Available at: https://digitalcommons.calpoly.edu/theses/959
Date of Award
MS in Computer Science
Pyroprinting is a novel, library-based microbial source tracking method developed by the Biology department at Cal Poly, San Luis Obispo. This method consists of two parts: (1) a collection of bacterial fingerprints, called pyroprints, from known host species, and (2) a method for pyroprint comparison. Currently, Cal Poly Library of Pyroprints (CPLOP), a web-based database application, provides storage and analysis of over $10000$ pyroprints. This number is quickly growing as students and researchers continue to use pyroprinting for research. Biologists conducting research using pyroprinting rely on methods for partitioning collected bacterial isolates into bacterial strains. Clustering algorithms are commonly used for bacterial strain analysis of organisms in computational biology. Unfortunately, agglomerative hierarchical clustering, a commonly used clustering algorithm, is inadequate given the nature of data collection for pyroprinting. While the clusters produced by agglomerative hierarchical clustering are acceptable, pyroprinting requires a method of analysis that is scalable and incorporates useful metadata into the clustering process.
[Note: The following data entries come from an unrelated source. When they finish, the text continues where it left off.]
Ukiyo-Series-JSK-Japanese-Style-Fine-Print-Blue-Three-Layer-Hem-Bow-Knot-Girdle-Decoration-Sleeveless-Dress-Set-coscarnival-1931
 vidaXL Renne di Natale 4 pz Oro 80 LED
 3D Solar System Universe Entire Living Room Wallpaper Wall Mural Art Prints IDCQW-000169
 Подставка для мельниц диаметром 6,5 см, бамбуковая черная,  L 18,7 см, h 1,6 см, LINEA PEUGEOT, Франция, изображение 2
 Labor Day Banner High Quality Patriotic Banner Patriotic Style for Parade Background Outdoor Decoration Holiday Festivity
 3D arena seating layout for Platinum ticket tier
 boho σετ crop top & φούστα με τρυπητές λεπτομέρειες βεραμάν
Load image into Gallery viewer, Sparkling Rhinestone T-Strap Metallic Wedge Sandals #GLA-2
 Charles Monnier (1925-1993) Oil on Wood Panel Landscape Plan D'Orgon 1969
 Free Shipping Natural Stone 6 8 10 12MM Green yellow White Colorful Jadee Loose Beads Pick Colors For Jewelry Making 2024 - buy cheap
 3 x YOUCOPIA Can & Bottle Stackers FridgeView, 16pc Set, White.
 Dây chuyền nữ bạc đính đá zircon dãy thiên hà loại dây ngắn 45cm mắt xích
We propose ontology-based hierarchical clustering (OHClust!), a modification of agglomerative hierarchical clustering that expresses metadata-based relationships as an ontology to direct the order in which hierarchical clustering algorithms analyze the data. In this thesis, the strengths and weaknesses of OHClust! are discussed, and its performance is analyzed in comparison to agglomerative hierarchical clustering.